4.3 The main mechanisms of hyperbaric oxygen in stroke

Hyperbaric oxygen therapy (HBOT) increases dissolved oxygen content in plasma and extends oxygen diffusion distance, enabling rapid oxygen delivery to ischemic regions and improving tissue oxygenation to preserve neurological function. The “normobaric oxygen paradox” or “hyperoxia-hypoxia paradox” plays a crucial role in HBOT's therapeutic effects (50, 51). During HBOT, oxygen levels increase from 21 to 100%, then return to 21% post-treatment. This paradox describes how cells detect oxygen fluctuations through specific chemoreceptors, triggering hypoxia-induced cellular cascades that enable intermittent hyperoxia to promote tissue regeneration without hypoxia-related damage (51). Elevated oxygen concentrations induce various mediators and cellular matrices required for regeneration during hypoxia, including upregulation of oxygen-sensitive genes and activation of cellular repair processes (52, 53).

Research indicates HBOT exerts neuroprotective effects through multiple pathways. The primary mechanisms by which HBOT improves stroke outcomes include: (1) stimulating expression of neurotrophic factors in ischemic stroke (IS) rats, promoting bone marrow mesenchymal stem cell homing to ischemic brain regions and enhancing cellular repair (54); (2) increasing antioxidant enzymes and glutathione metabolism while reducing oxidative stress, thereby decreasing cerebral infarction volume after ischemia-reperfusion injury (55); (3) inhibiting neutrophil infiltration into infarcted areas, attenuating blood-brain barrier damage, and reducing inflammatory cytokines to mitigate neuroinflammation (56); (4) downregulating hypoxia-inducible factor-1 (HIF-1) and its downstream effector proteins to suppress neuronal apoptosis and inflammatory responses (57).
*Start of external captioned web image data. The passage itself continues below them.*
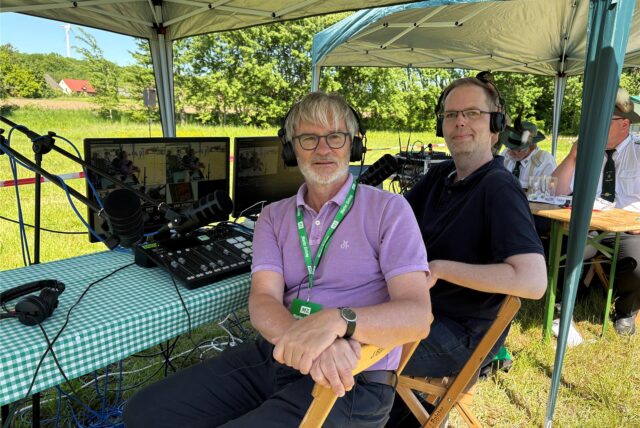 Stefan Korte (r.) und Thomas Brysch sitzen beim Polsumer Schützenfest an einem Moderatorentisch.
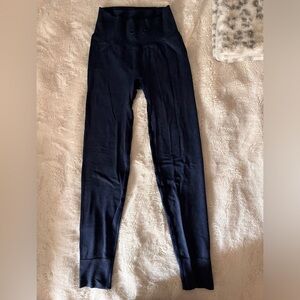 XS PINK active leggings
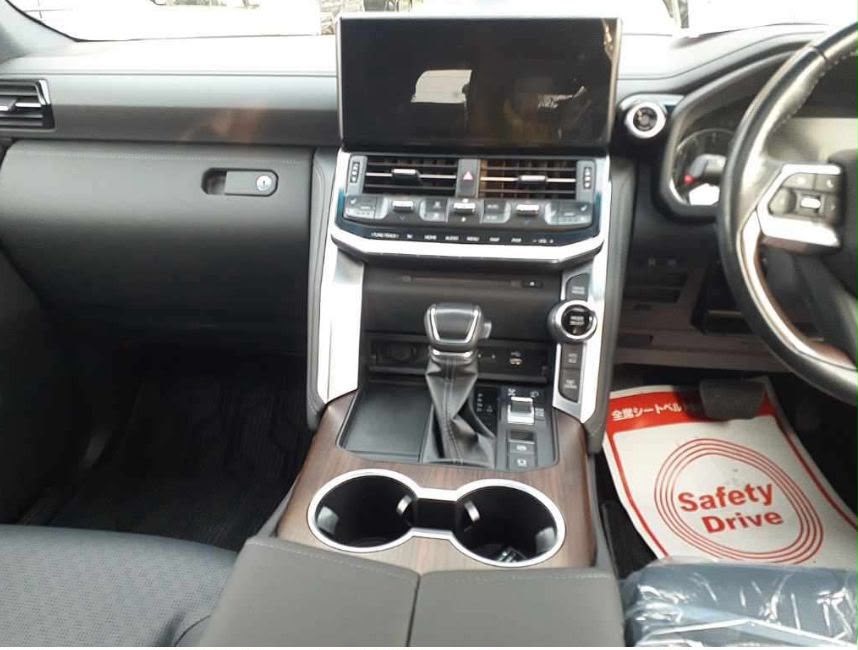 
								TOYOTA | LC 300 | VX full									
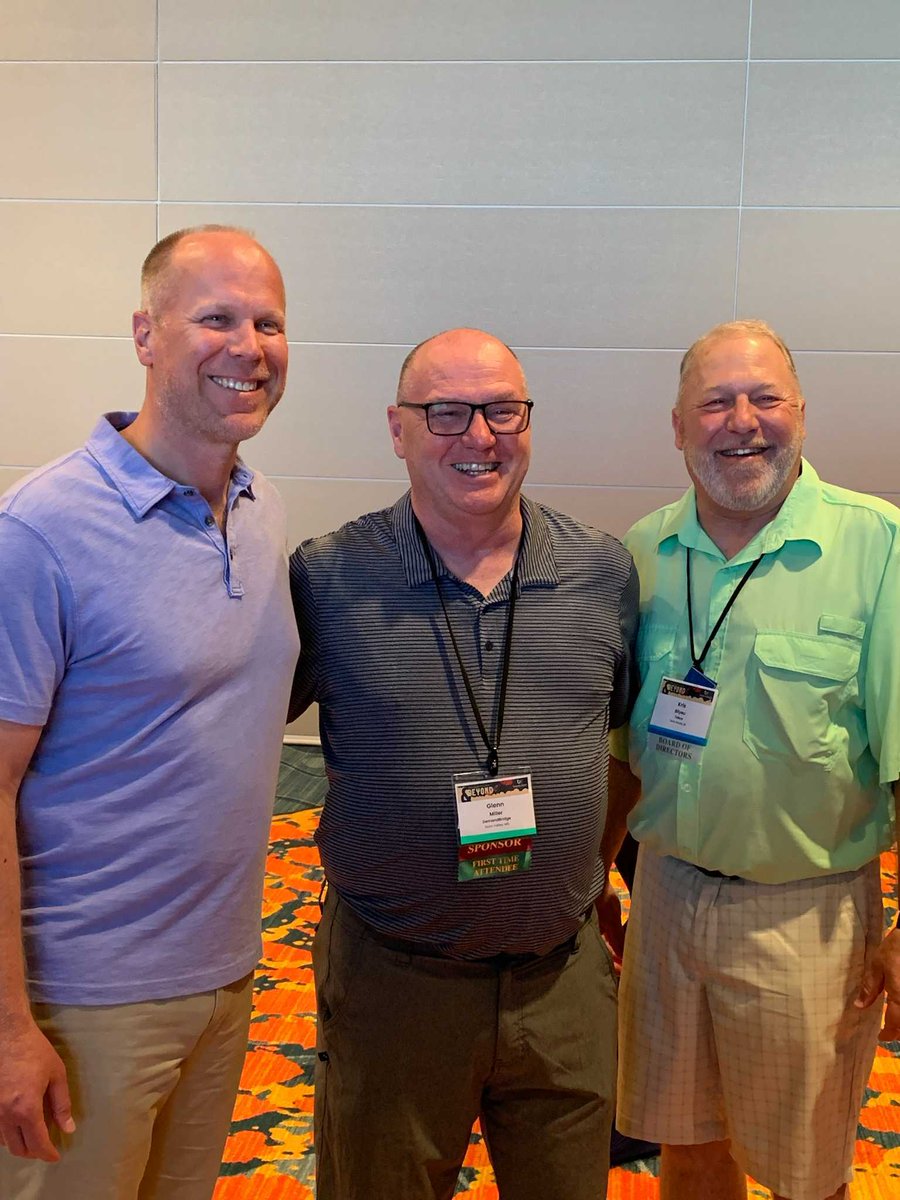 demandbridge's tweet photo. Last week, some @demandbridge team members attended the @WeAreBrandChain Leadership Summit. We were thrilled to catch up with several clients and to present on the Power of Technology and Innovative Partnerships! #leadershipsummit #technology #integratedpartners https://t.co/ZVzuiC5qu9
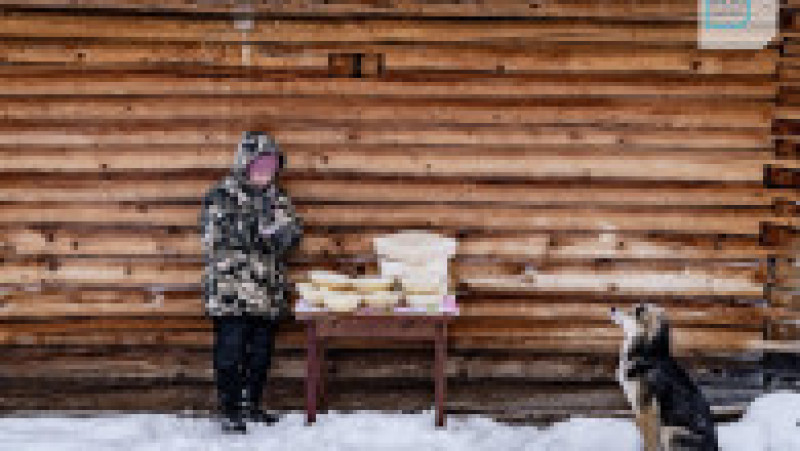 Când cară apă în butelii, localnicii trebuie să se grăbească să o ducă în casă înainte să înghețe. Foto: Profimedia Images | Poza 10 din 17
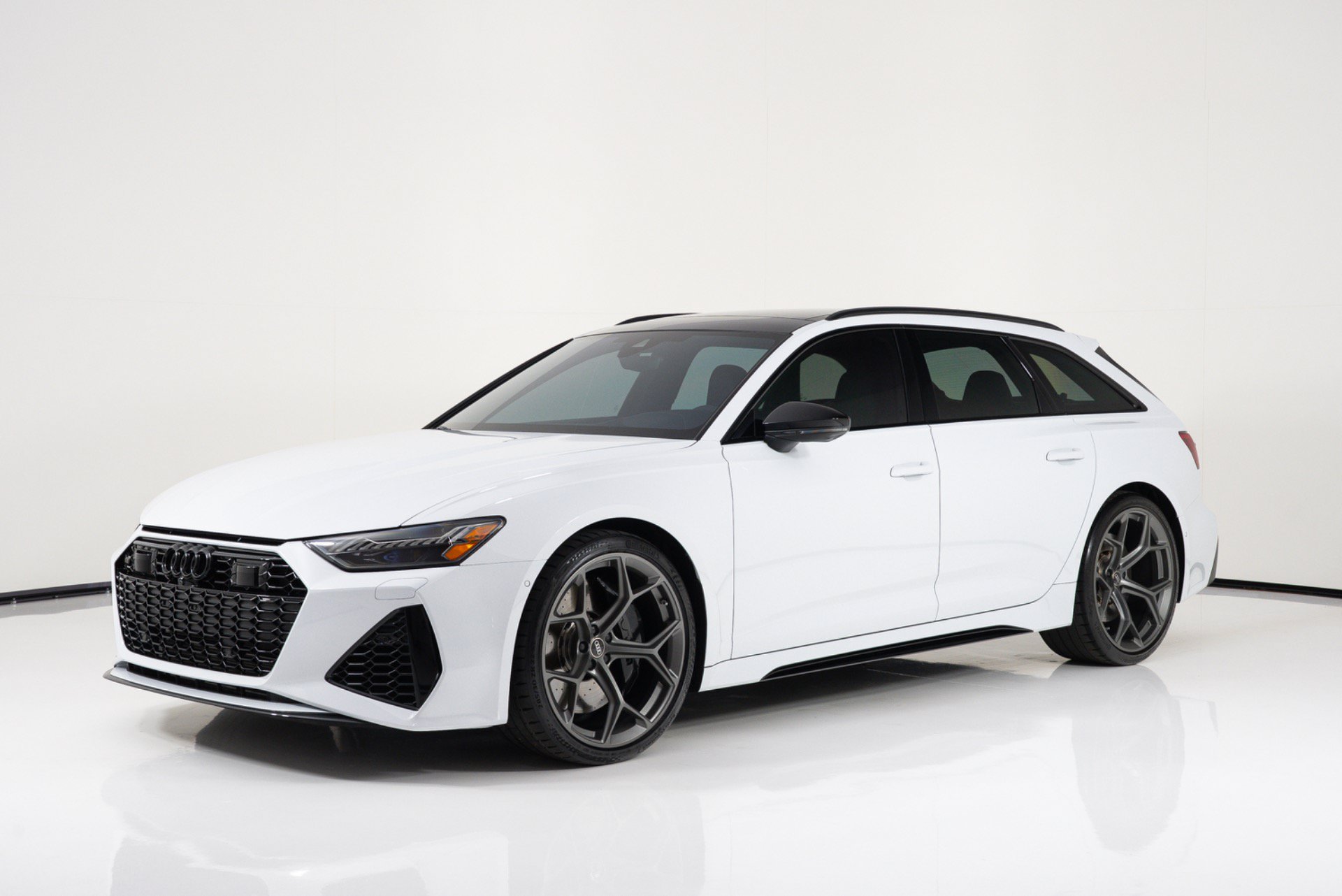 Used 2024 Audi RS 6 performance AWD/4WD image 7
4.4 The efficacy of HBOT in different diseases

The application of HBOT in ischemic stroke can be categorized into three phases: pretreatment before onset, acute ischemic stroke (AIS) early phase, and AIS chronic phase. The early phase is further divided into the acute phase (0–24 h) and subacute phase (1–5 days) (58). Current evidence confirms HBOT's safety and efficacy during the subacute and chronic phases of stroke (22, 59), though insufficient data exist to demonstrate significant benefits in the acute phase (60). This discrepancy primarily stems from inconsistencies between animal studies and clinical trial outcomes. While animal models support HBOT's effectiveness when administered within 12 h of stroke onset (28), the narrow therapeutic window for AIS severely limits treatment options beyond thrombolysis or thrombectomy.

Post-stroke cognitive impairment represents one of the most common stroke complications. Research demonstrates HBOT's capacity to improve motor function and memory in chronic stroke patients. Tal et al. (43) reported HBOT's ability to induce neuroplasticity even years after brain injury. Hadanny et al. (22) further observed clinically significant cognitive improvements in 86% of patients receiving HBOT at a median of 1.5 ± 3.3 years post-stroke, defined as ≥7.5-point absolute increase in standardized cognitive domain scores. These findings suggest HBOT can significantly enhance neurological and cognitive function even during late chronic stages. Moreover, Hadanny et al.'s (61) retrospective analysis of traumatic brain injury patients with chronic cognitive impairment showed HBOT improved all cognitive domains, including memory, attention, and executive function. Notably, HBOT enhanced hippocampal recovery and overall cognitive function even when initiated 50 days post-injury (62).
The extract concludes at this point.